**Input data**:
• • • •

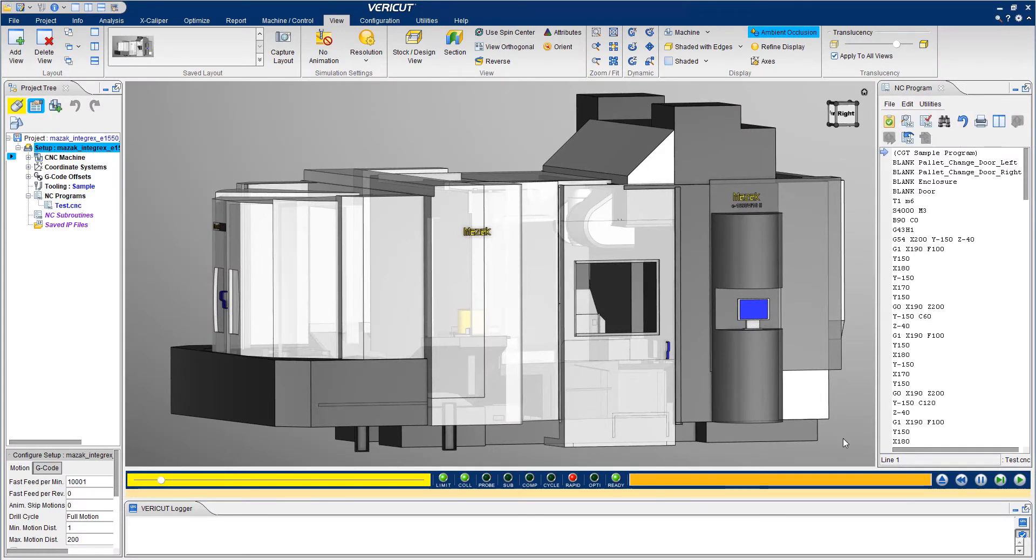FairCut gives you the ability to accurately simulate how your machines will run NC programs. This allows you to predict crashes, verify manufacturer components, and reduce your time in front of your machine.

• • • •

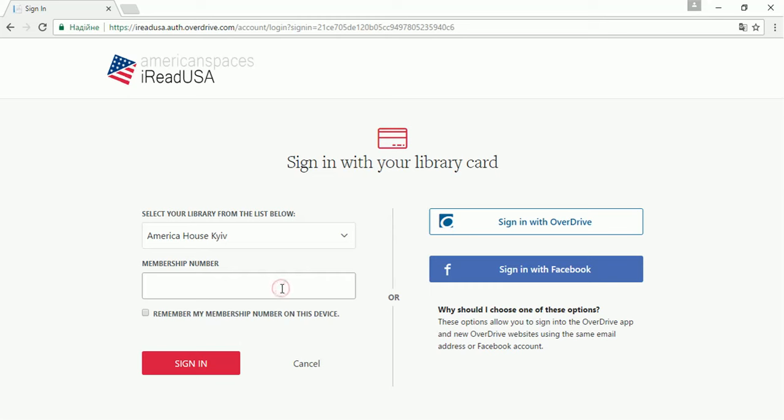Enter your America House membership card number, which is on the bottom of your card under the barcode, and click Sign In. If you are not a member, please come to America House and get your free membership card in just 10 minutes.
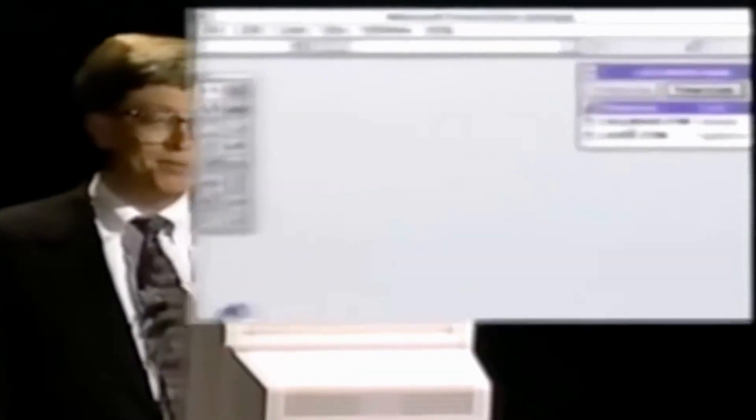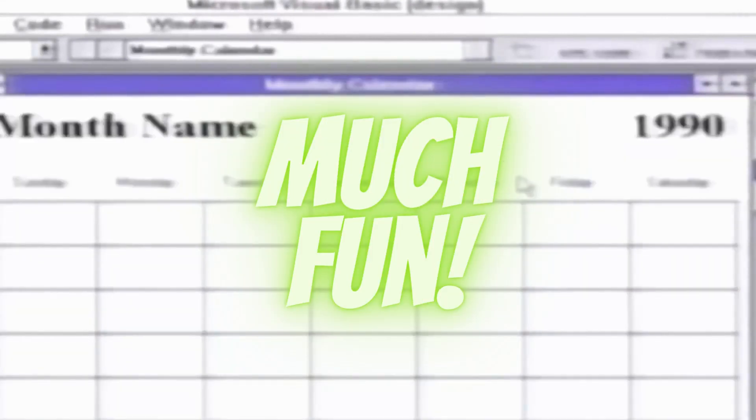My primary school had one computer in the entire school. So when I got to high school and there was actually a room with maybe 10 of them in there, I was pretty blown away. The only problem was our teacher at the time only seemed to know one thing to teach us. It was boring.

• • • •

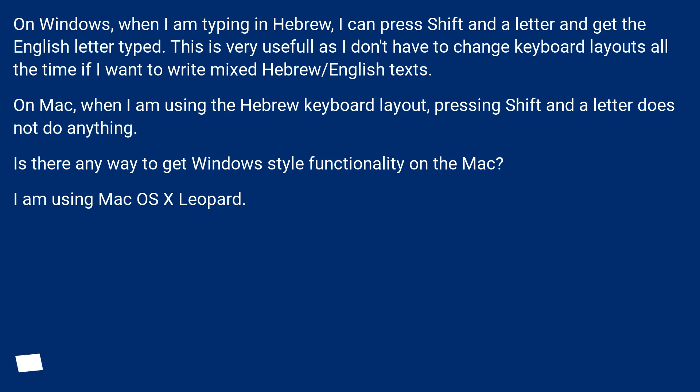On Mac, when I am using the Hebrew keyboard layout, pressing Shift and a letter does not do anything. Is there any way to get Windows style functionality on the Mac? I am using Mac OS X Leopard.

• • • •

**Task statement**: Reproduce the data above exactly, but only from the line containing "Enter your America" through the line containing "My primary school". Omit all pictures.

**Solved exercise**:
Enter your America House membership card number, which is on the bottom of your card under the barcode, and click Sign In. If you are not a member, please come to America House and get your free membership card in just 10 minutes.
My primary school had one computer in the entire school. So when I got to high school and there was actually a room with maybe 10 of them in there, I was pretty blown away. The only problem was our teacher at the time only seemed to know one thing to teach us. It was boring.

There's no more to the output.